Nobody asked the employees whose conversations are being sold. Meta's recent move to log employees' keystrokes and screen activity for AI training highlights how employee data is being commodified on a massive scale. Marc Rotenberg, who runs the Center for AI and Digital Policy, told Forbes that Slack messages and internal emails contain identifiable personal information, not generic data. His organization has pushed the FTC to increase oversight of AI companies.
Under U.S. bankruptcy law, companies own communications created on their systems. Trustees can sell those assets to pay creditors. But privacy regulations like CCPA and GDPR still apply, which means the data usually needs to be scrubbed before it changes hands. Legal ownership of the file doesn't automatically give you the right to use everything in it.

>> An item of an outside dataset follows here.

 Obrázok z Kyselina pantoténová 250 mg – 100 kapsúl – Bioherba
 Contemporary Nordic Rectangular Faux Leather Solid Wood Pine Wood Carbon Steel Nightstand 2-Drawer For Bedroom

So what happens if a former employee recognizes their own messages in a training dataset? Can they contest it? Nobody seems to have a clear answer yet.
That should worry anyone who's ever vented about their boss in a private Slack channel or shared personal details over company email. If you're working at a startup right now, it might be worth checking your employment agreement. Atlassian recently enabled default data collection to train AI models across its platforms, suggesting that such policies are becoming increasingly common even among established tech firms. Few companies update their privacy policies to cover the possibility of selling internal data post-collapse. Most employees sign NDAs and data policies assuming the company will outlive their messages.
That assumption is dead.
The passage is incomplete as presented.